This directory contains scripts which were used to analyse bacterial data included in the study "Bacterial genome wide association study substantiates papGII of E. coli as a patient independent driver of urosepsis". Input files for these scripts can be accessed via the Open Sciene Foundation https://osf.io/vmqc5/.
This script combines the output of different tools which were used to characterise E. coli strains. This includes:
- mash_phylo.csv: Assignment of each strain to one out of 14 phylogroups. Phylogroups were assigned by calculating Mash distances to 14 reference strains (adapted from https://doi.org/10.1038/s42003-020-01626-5)
- mlst__mlst__Escherichia_coli#1__results: Multi-Locus Sequence Types as assigned by srst2 (https://github.com/katholt/srst2)
- EcOH__genes__EcOH__results.txt: O- and H- antigens as assigned by srst2 (https://github.com/katholt/srst2)
- kaptive_summary.csv: Capsule types as assigned by 'fastKaptive' (https://github.com/rmostowy/fastKaptive)
- hdeA_masses.csv: The predicted mass of the protein HdeA using transseq (https://www.expasy.org/resources/protparam)
- ncbi_resistance.tab: resistance genes identified using the NCBI AMRFinder database (https://www.ncbi.nlm.nih.gov/bioproject/PRJNA313047) via abricate (https://github.com/tseemann/abricate)
- EcVGDB_virulence.tab: virulence genes identified using the EcVGDB database (https://github.com/MBiggel/UPEC_study) via abricate (https://github.com/tseemann/abricate)
- MIC_wide_plot.csv: Minimal inhibitory concentrations for Ceftriaxone, Fosfomycine. Nitrofurantoine, Meropenem and Ciprofloxacine, measured in routine diagnostics using micro-dilution assays.
- RAxML_bestTree_825.raxmltree: A phylogenetic tree constructed using RAxML and including one strain per clinical case (n=825)
The file '825_strains_included.txt' lists one representative strain per clinical case.
This script was adapted from https://pyseer.readthedocs.io/en/master/tutorial.html#interpreting-significant-k-mers and plots the association and average effect size of all unitigs with the endpoint 'invassive infection'. Two input file is required:
- gene_hits_all_825.txt: gene hits identified by pyseer (https://pyseer.readthedocs.io/en/master/) including all clinical cases (n=825)
- gene_hits_sign_657.txt: gene hits identified by pyseer (https://pyseer.readthedocs.io/en/master/) including only invasive cases for which a matching urine sample was available (n=657)
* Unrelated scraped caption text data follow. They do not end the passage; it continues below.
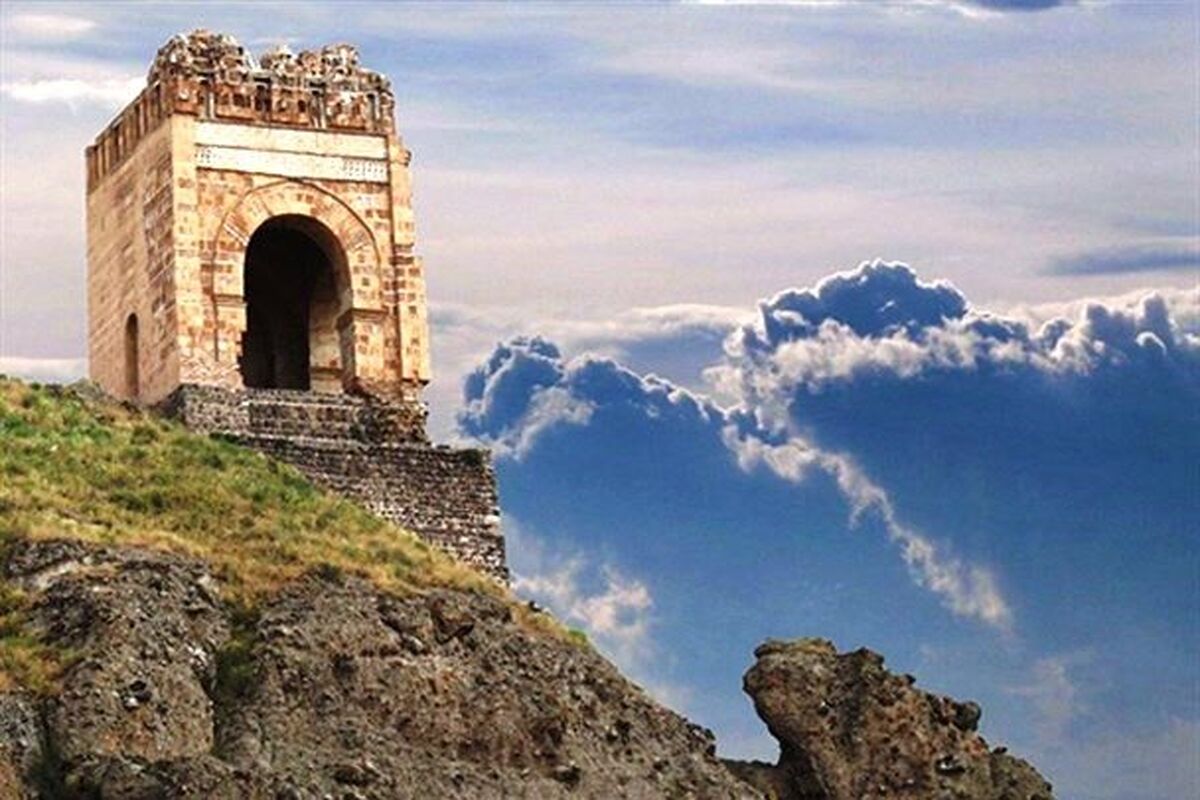 قلعه ضحاک  آذربایجان شرقی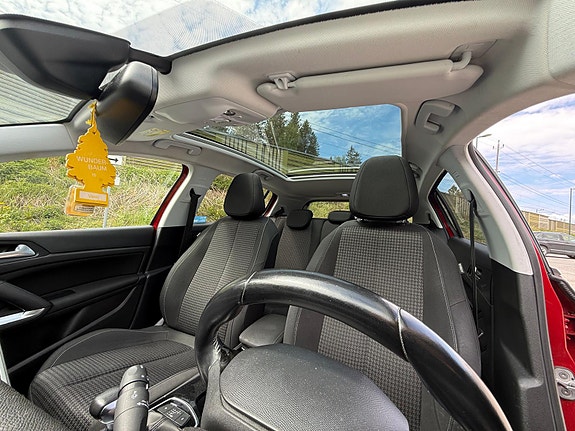 Peugeot 308 8 of 14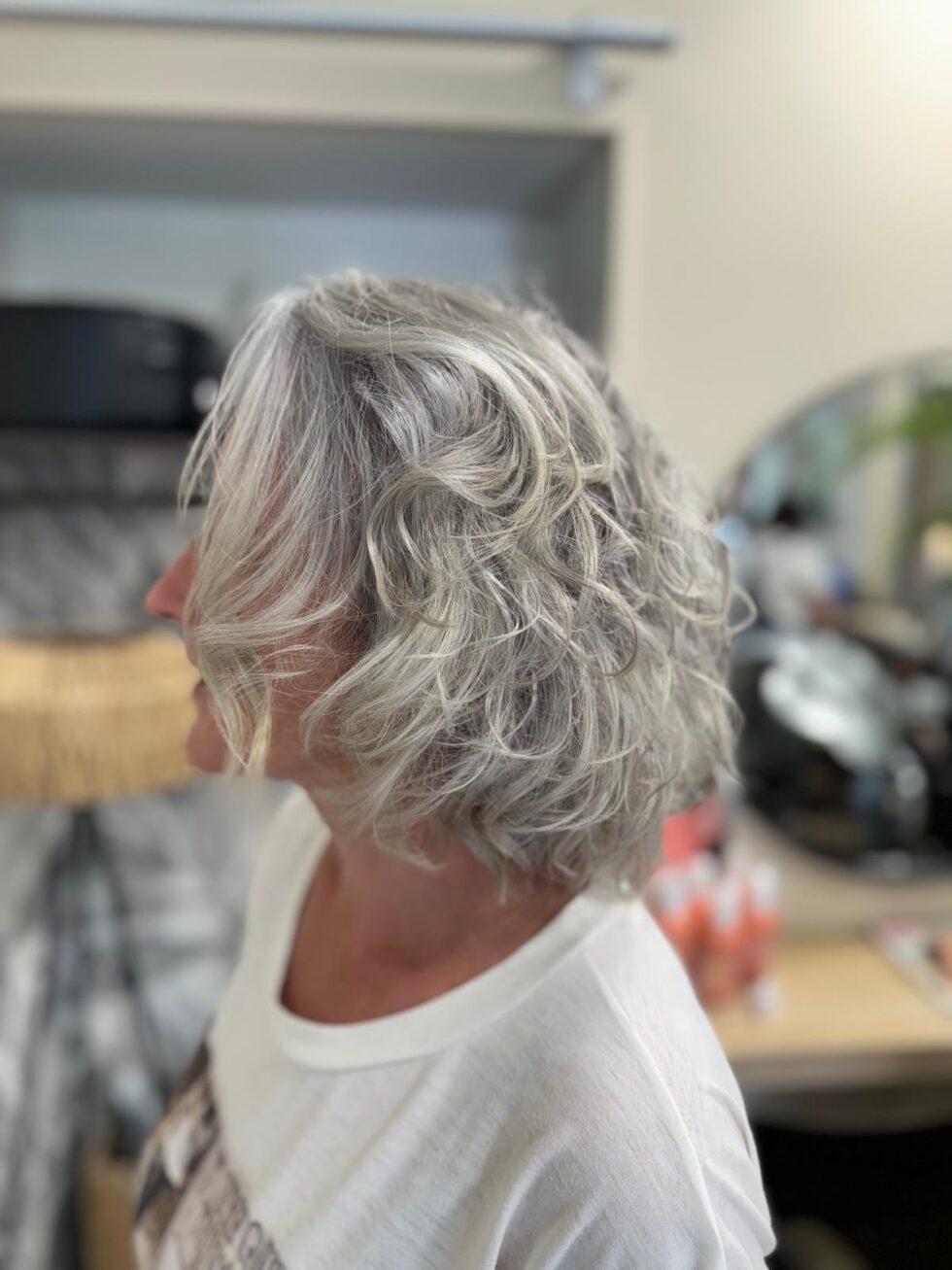 photo d'une femme coiffée au salon de coiffure près de clisson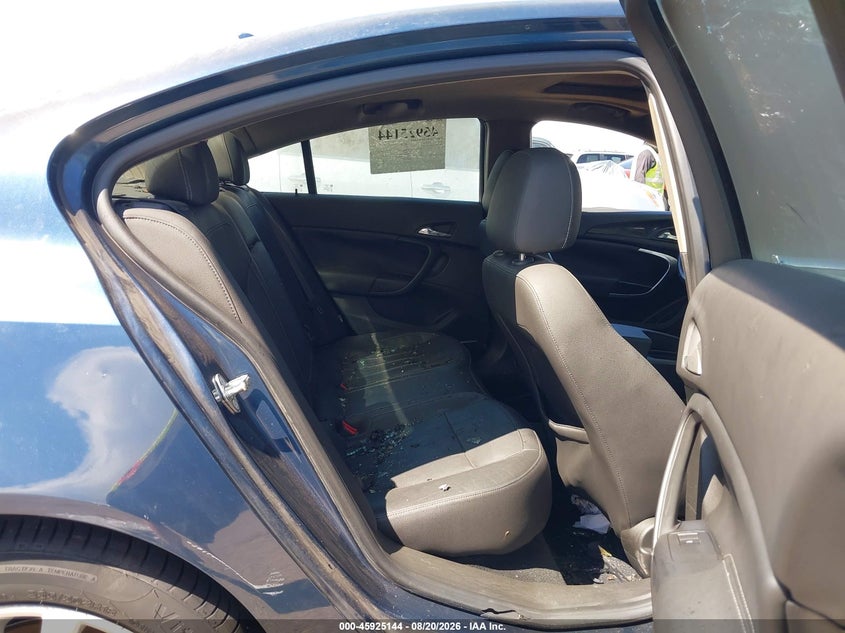 2011 BUICK REGAL auction photo 8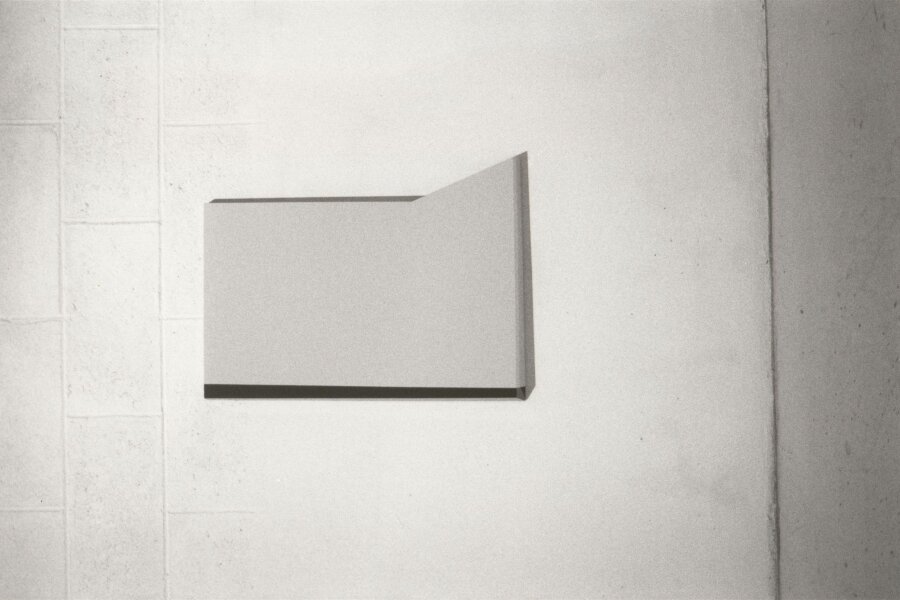 Miloš Cvach, S-10/85, 1985, lakovaná překližka (světle zeleno-modrá a tmavě šedo-modrá), 66,5x51x6 cm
These files pick peaks from the raw spectra, which were either generated using a mass spectrometer from Shimadzu (mzXML files) or from Bruker (fid files) These scripts can be run with:
Rscript specta_preprocessing-shimadzu.R ./mzXml-processed_Launchpad ./Shimadzu/csv_median ./poso.tgnr.invas.csv Rscript specta_preprocessing-bruker.R ./fid ./Bruker/csv_median
where /fid and /mzXml-processed_Launchpad indicate the directory to the rawfiles, /csv_median the path to the output files and "poso.tgnr.invas.csv" a file translating between target plate positions and samplenames required for the Shimadzu pre-processing. The peak picking is based on the packages MALDIQuantForeign and MALDIQuant (https://github.com/sgibb/MALDIquant)
This script plots the presence / absence of MALDI-TOF MS peaks summarised by phylogroup and papG variant. It requires the following input files:
- one_per_case_strain_825.txt: A list of all paths to the 828 assemblies
- pagG_var.csv: papG variants as assigned by the EcVGDB virulence database.
- mash_phylo.csv: Assignment of each strain to one out of 14 phylogroups. Phylogroups were assigned by calculating Mash distances to 14 reference strains (adapted from https://doi.org/10.1038/s42003-020-01626-5)
This script evaluates which variants where detected for PCR primers and probes, using the variant caller Freebayes via snippy (https://github.com/tseemann/snippy) It requires the full alignments which where outputted by snippy as input files:
- gapC.core.full.aln
- papC.core.full.aln
- papGII.core.full.aln
This script takes an amino acid multi-sequence alignment of the protein HdeA, removes the signal peptode from the sequences and predicts the molecular masses using protparam.